Chris Hamilton (born 13 July 2001) is a Scottish professional footballer who plays for Dunfermline Athletic as a defensive midfielder.

Early life
Hamilton grew up as a Dunfermline Athletic fan.

Club career
Hamilton moved from Crossgates Primrose to  Heart of Midlothian at the age of 8.

He made his senior debut for Hearts on 13 May 2018, in a 1–0 league defeat away at Kilmarnock. He was one of four Hearts youth players to make their debuts in that match, alongside Cammy Logan, Leeroy Makovora and Connor Smith. 

Hamilton joined Scottish League One side Dumbarton on loan in September 2020. Hamilton scored his first senior goal for the Sons on his full debut, in a 3–2 defeat to Clyde on 10 October 2020, a match in which he was also sent off.

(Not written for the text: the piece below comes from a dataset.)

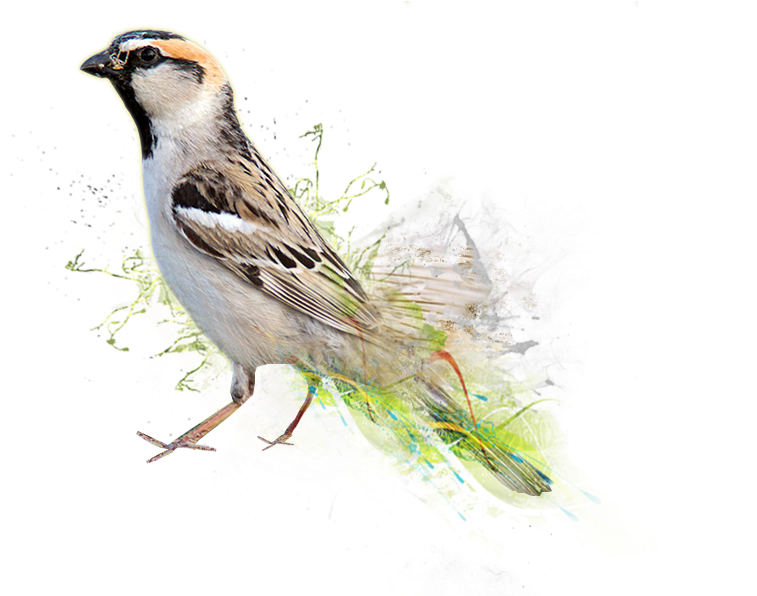 Artistic Sparrow Illustration PNG
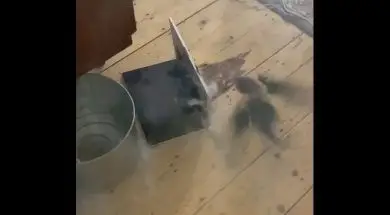 Palący się 15 calowy MacBook Pro z 2015 roku na filmie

On 8 January 2021, Hamilton joined Scottish League Two side Stirling Albion on loan for the remainder of the 2020–21 season.

In July 2021 he was loaned to Scottish Championship club Arbroath.

In June 2022 Hamilton signed for his boyhood club Dunfermline Athletic on a long term deal. He was named vice captain as the season began.

International career
Hamilton was captain of the Scotland under-16 Victory Shield squad. He has also represented Scotland at under-17, under-18, under-19 and under-21 youth levels.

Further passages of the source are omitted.